We had a couple of bones to pick with that one. First of all, you really do
want to go to bed, and you prayed that some other slob, hopefully the new
boot, would pull the midwatch. Secondly, radar didn't always pierce, rotate,
or radiate, and sonar didn't always ping. Sometimes the ship couldn't even
get underway, and we could blame it on milkshakes.

The USS MCKEAN (DD-784) was a GEARING-class destroyer commissioned 9 June
1945. The first MCKEAN (DD-90 / APD-5) sank off Bougainville in 1943. By
1978 the "Big Mac," as she was known, was an old bucket but when she ran she ran
good and she ran fast. With her four 600 psi boilers, twin turbines, and
twin screws, we could run circles around much newer KNOX-class frigates, bird
farms, oilers, cruisers, and nearly anything else. We were so maneuverable
that Boeing sent its commercial jetfoils and PEGASUS-class hydrofoils out to
play tag with us for their shakedown cruises. Worthy competition.

We called Seattle home and moored up to Pier 90, a downtown pier used
exclusively for unloading Datsuns and for us. The nearest Naval Station was
across Puget Sound at Bremerton. We were used for training reserves, coastal
patrols, and as a weapons testing platform for the Keyport Torpedo Station.
We fired ASROC anti-submarine rockets and Mark 46 torpedoes at them and they
fired Mark 48 torpedoes at us.

We spent a lot of time undergoing repairs in and around the Southern
California area, especially San Diego. August 1978 found us there getting
ready for an operation. Just as your family car needs its oil changed, so
did our turbine engines. Minit-Lube won't come to a pier and remove and replace
20,000 gallons of lube oil, but Pepper Industries will. Pepper Industries
also cleans out McDonalds' deep fat fryers.

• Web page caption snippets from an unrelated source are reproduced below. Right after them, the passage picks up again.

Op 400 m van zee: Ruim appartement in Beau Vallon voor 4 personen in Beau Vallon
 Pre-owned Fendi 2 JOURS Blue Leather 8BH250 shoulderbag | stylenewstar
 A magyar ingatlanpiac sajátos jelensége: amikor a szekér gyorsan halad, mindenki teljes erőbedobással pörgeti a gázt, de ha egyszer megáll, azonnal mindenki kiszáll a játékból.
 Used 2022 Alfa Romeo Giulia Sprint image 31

On August 19, Pepper Industries and our snipes spent the day changing the
lube oil so we could get underway on the 20th. At 0300 liberty expired and
reveille was held for the snipes so they could start light-off procedures. 0400 was
reveille for the rest of the crew. At 0500 we set the Special Sea and Anchor
Detail, which for linehandlers means you stand around a lot. Put a chaw of
Beechnut in your mouth and wait for the word to castoff. We never got that
word because a 600 pound steam fitting broke in the Forward Fireroom and
would have to be fixed. Underway time was then set for 1200.

At 1100 Special Sea and Anchor was set again. At 1130 they tested the
engines, but only for a minute. It seems that in the engines all of that lube oil
turned into a giant milkshake-; a huge chocolate-colored mess. They hooked
up the phone lines and called Pepper Industries. It seems they had gotten their
trucks messed up, and instead of sending us MIL-SPEC Lube oil, they sent us
a few thousand gallons of used frying fat from the golden arches. Needless to
say, they had to pump it out, and stick in the real stuff.

We finally did get rid of our "milkshake" and we really did get underway.
I'll leave it up to you to figure out if we made the world safe for democracy and
wrecked havoc upon the forces of evil.